▶ _WORK TASK_
Your copy should hold only the lines from the one with "Konsept için beyaz" to the one with "Three sizes of", both included, each exactly as it stands below, with no pictures.

▶ _ENTRIES SUPPLIED_
►

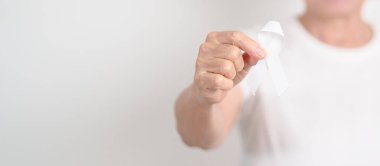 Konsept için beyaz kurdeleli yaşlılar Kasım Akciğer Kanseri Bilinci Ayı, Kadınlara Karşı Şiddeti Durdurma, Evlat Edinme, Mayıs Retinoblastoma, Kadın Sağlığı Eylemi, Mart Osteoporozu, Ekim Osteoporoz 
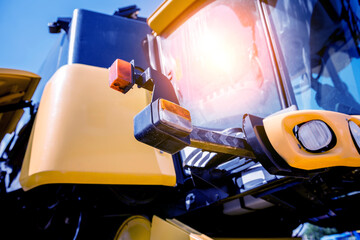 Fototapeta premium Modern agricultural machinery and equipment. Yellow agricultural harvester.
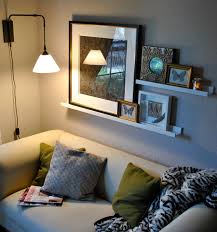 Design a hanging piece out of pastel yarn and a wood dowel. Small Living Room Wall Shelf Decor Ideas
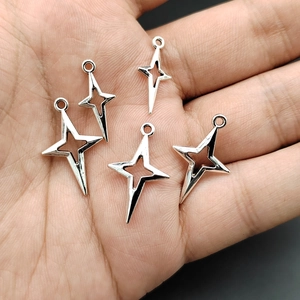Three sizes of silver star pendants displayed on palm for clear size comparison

◄
►

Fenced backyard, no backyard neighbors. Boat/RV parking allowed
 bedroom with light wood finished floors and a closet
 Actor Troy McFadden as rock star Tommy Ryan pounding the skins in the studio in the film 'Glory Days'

◄
►

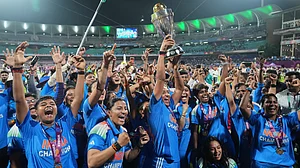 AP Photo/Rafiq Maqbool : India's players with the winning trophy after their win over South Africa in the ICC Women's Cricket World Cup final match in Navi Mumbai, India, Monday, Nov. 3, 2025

◄

▶ _RESULT OF THIS TASK_
 Konsept için beyaz kurdeleli yaşlılar Kasım Akciğer Kanseri Bilinci Ayı, Kadınlara Karşı Şiddeti Durdurma, Evlat Edinme, Mayıs Retinoblastoma, Kadın Sağlığı Eylemi, Mart Osteoporozu, Ekim Osteoporoz 
 Fototapeta premium Modern agricultural machinery and equipment. Yellow agricultural harvester.
 Design a hanging piece out of pastel yarn and a wood dowel. Small Living Room Wall Shelf Decor Ideas
Three sizes of silver star pendants displayed on palm for clear size comparison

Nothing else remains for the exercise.